* _Exercise objective_
The result should be the lines from the one that contains "2022 Toyota Prius Prime LE" to the final line of the entries below, copied exactly and with no pictures.

# # #

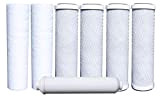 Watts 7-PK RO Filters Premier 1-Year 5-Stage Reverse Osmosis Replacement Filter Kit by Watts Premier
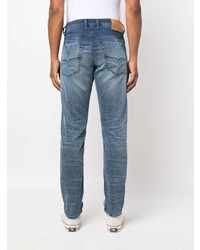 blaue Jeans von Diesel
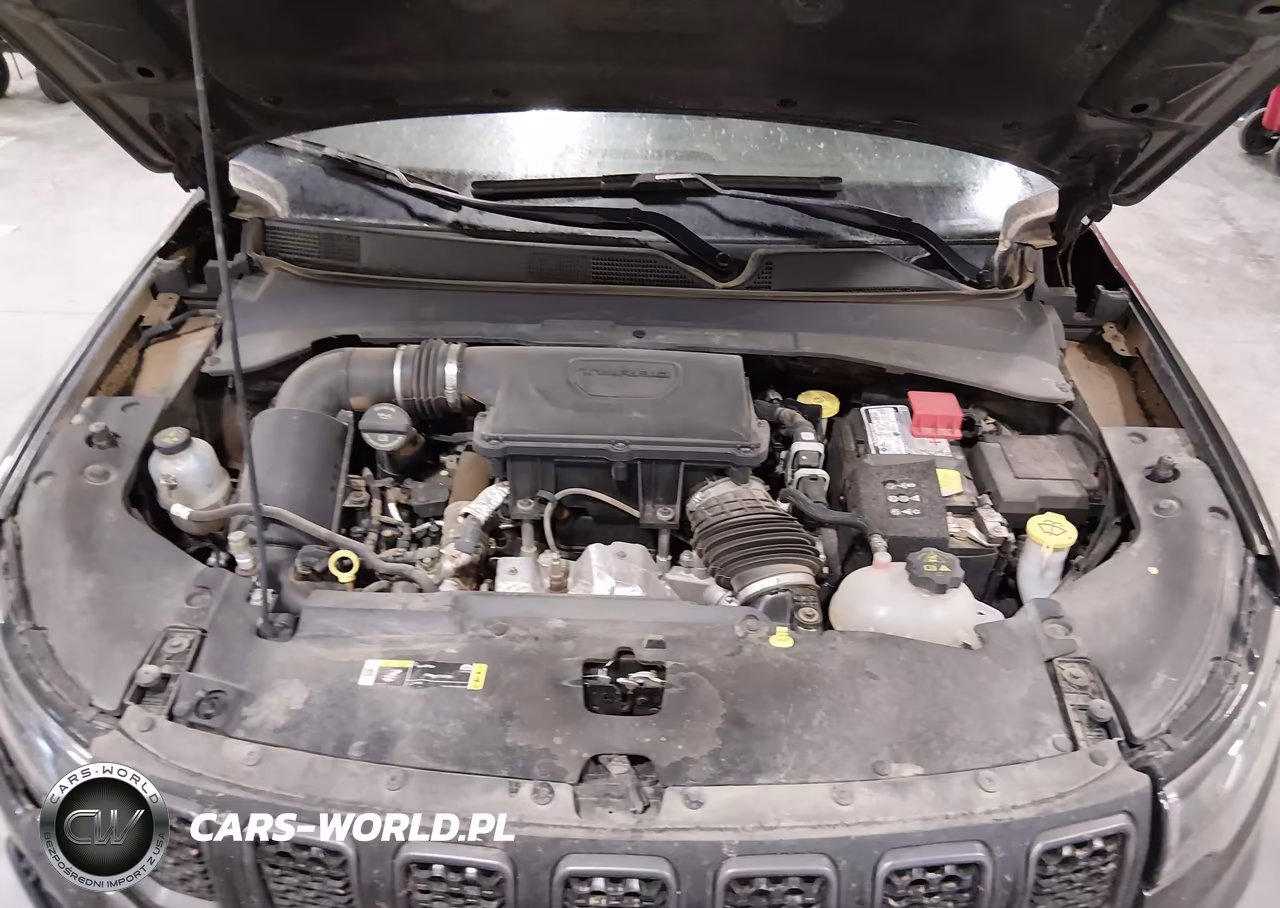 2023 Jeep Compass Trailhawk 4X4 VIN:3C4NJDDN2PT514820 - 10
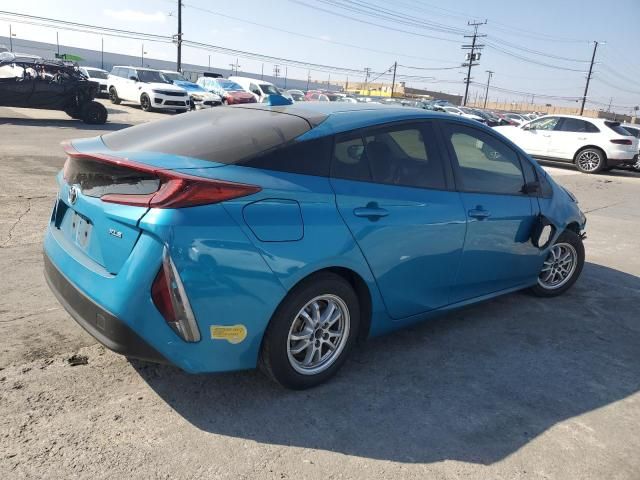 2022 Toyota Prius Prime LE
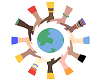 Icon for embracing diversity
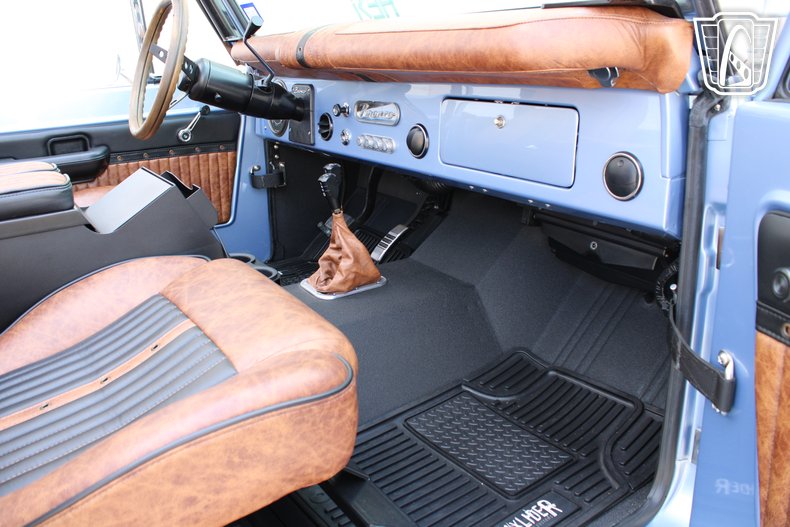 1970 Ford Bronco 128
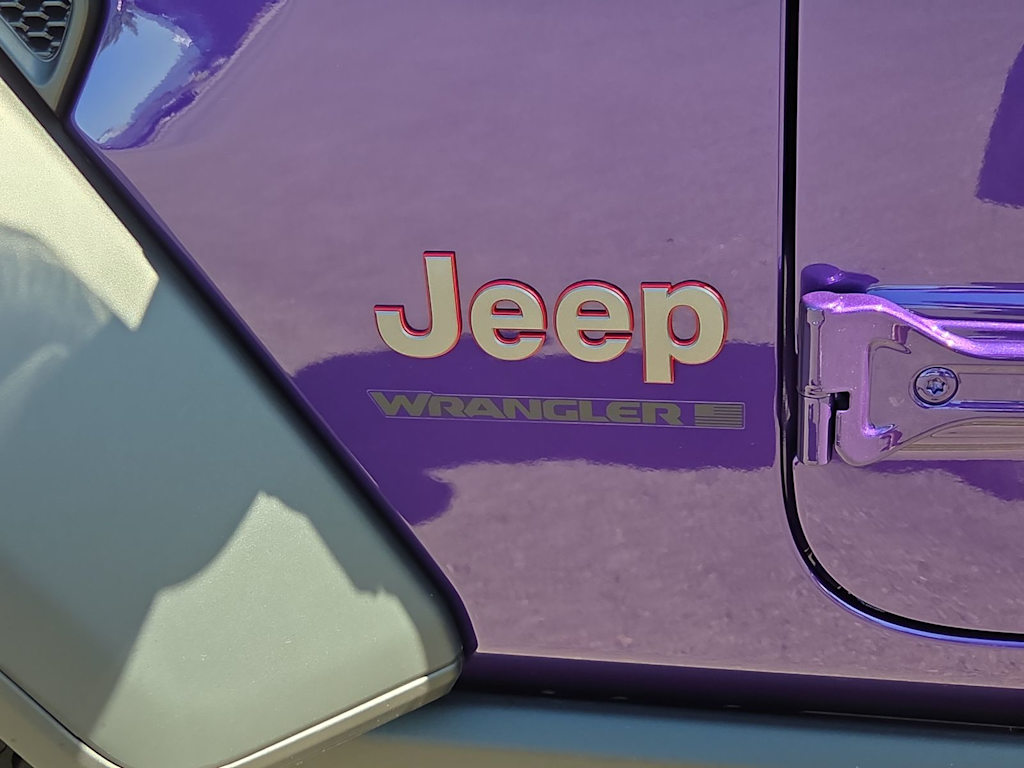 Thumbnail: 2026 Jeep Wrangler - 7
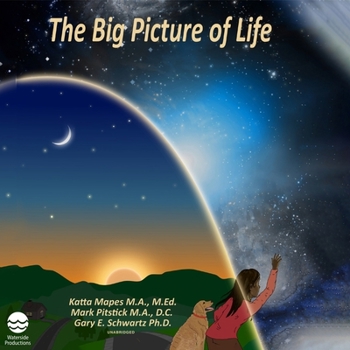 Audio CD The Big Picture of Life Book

# # #

* _Response box_
 2022 Toyota Prius Prime LE
 Icon for embracing diversity
 1970 Ford Bronco 128
 Thumbnail: 2026 Jeep Wrangler - 7
 Audio CD The Big Picture of Life Book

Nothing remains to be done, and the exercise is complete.